- YOUR GOAL: Write out the lines below once more, exactly as they appear. Do not include pictures.

- DATA EXCERPT:
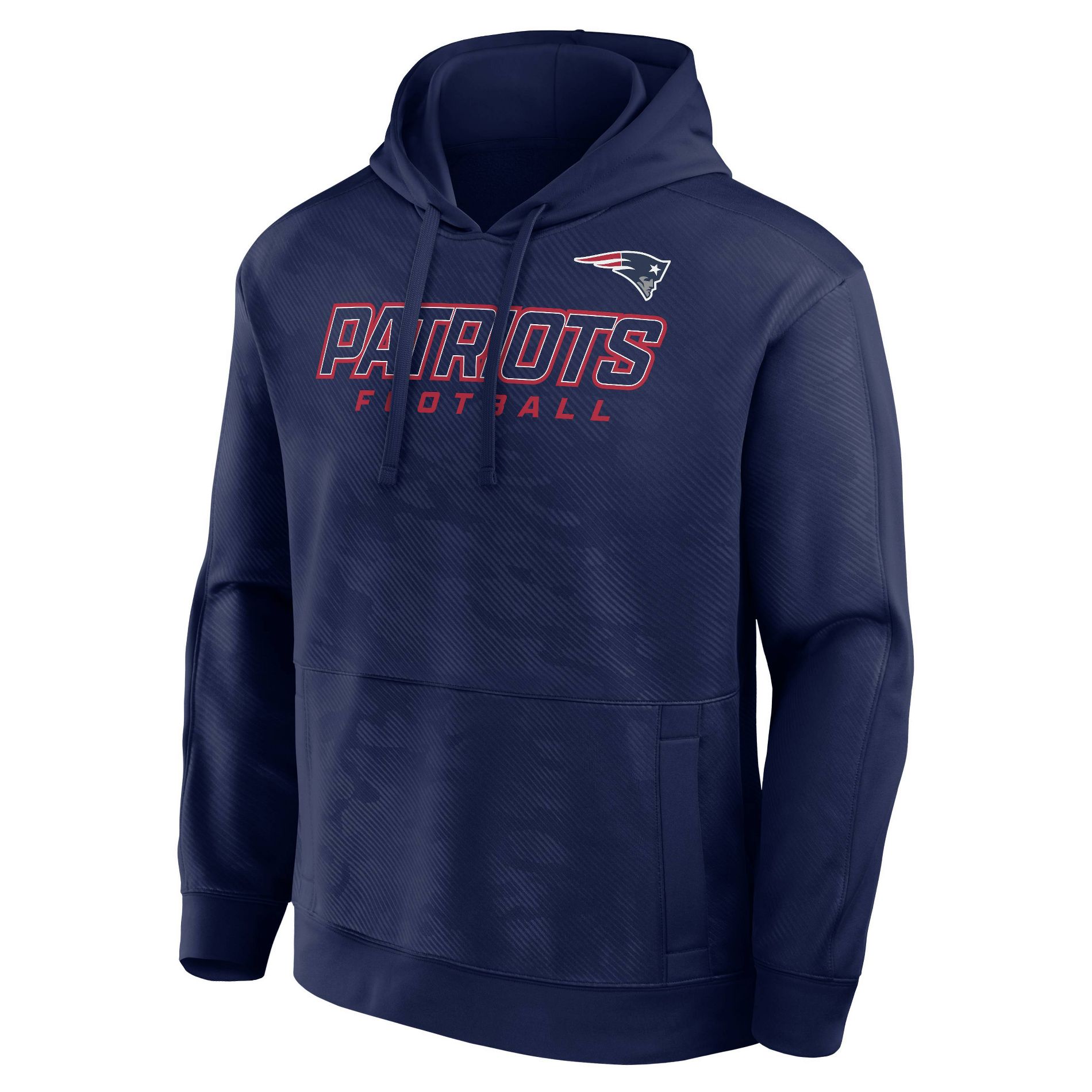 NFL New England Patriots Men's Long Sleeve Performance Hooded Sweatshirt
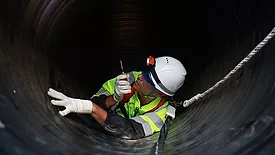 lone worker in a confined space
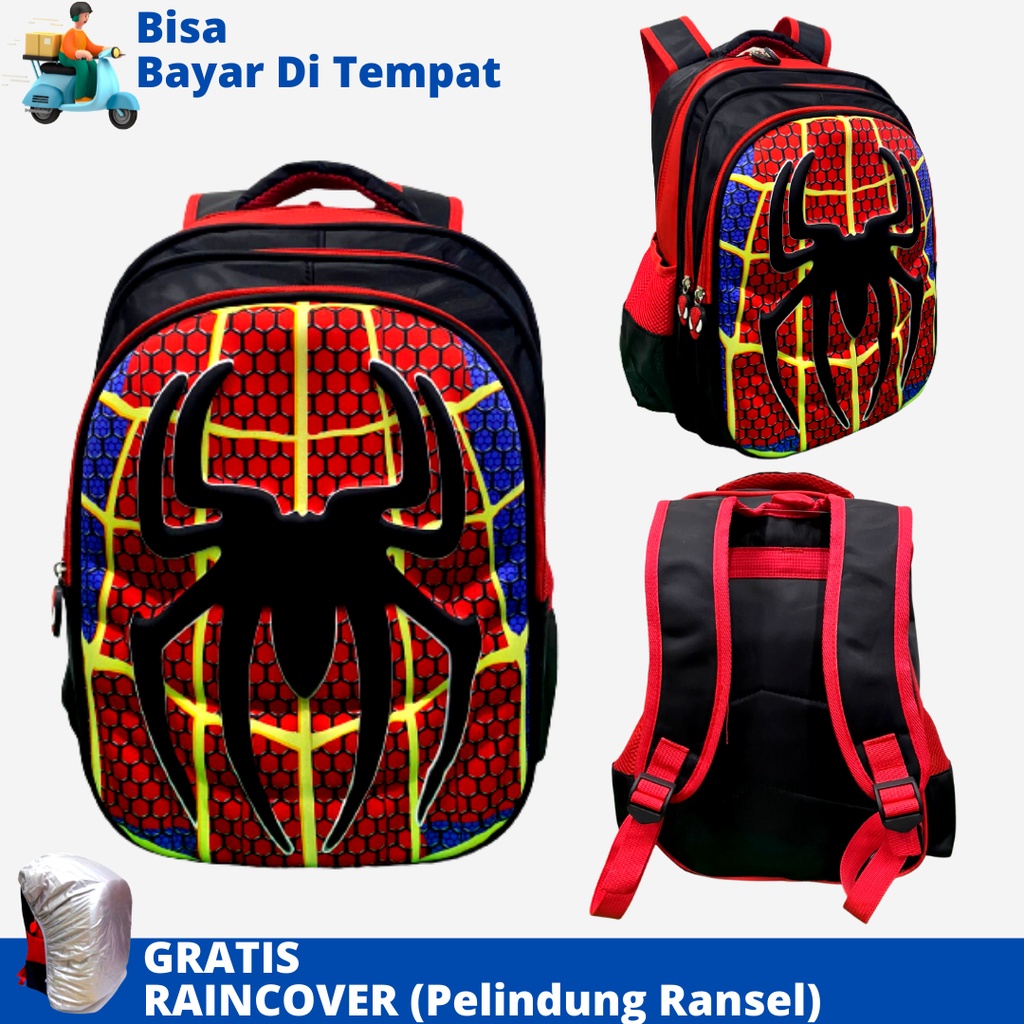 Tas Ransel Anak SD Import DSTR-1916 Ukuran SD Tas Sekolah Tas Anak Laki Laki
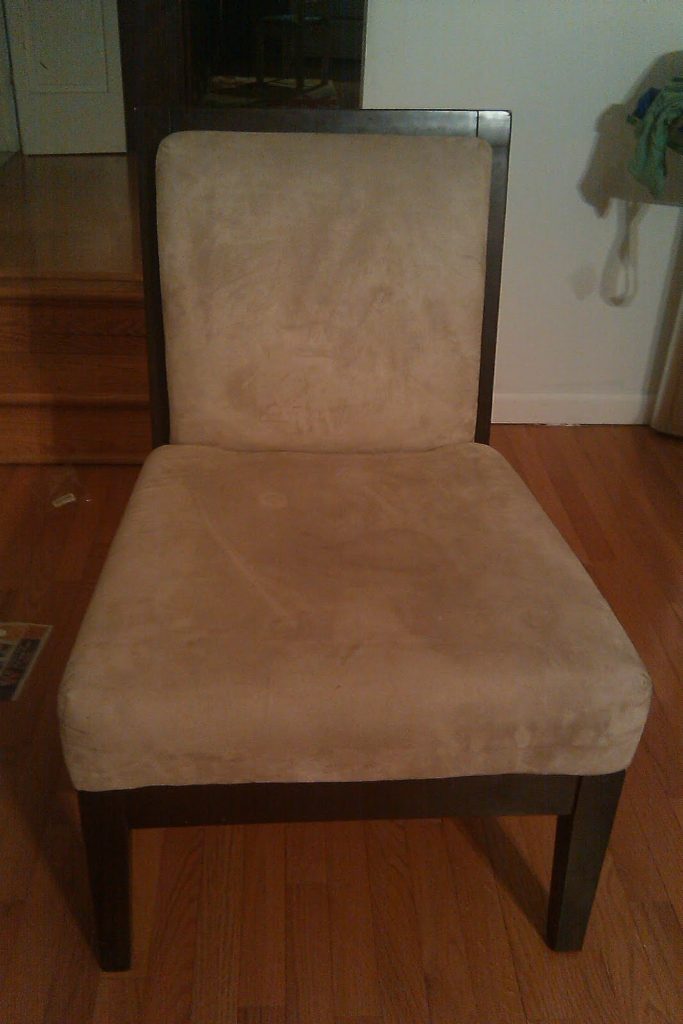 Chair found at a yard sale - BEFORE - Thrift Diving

- RESULT FOR THIS TASK:
 NFL New England Patriots Men's Long Sleeve Performance Hooded Sweatshirt
 lone worker in a confined space
 Tas Ransel Anak SD Import DSTR-1916 Ukuran SD Tas Sekolah Tas Anak Laki Laki
 Chair found at a yard sale - BEFORE - Thrift Diving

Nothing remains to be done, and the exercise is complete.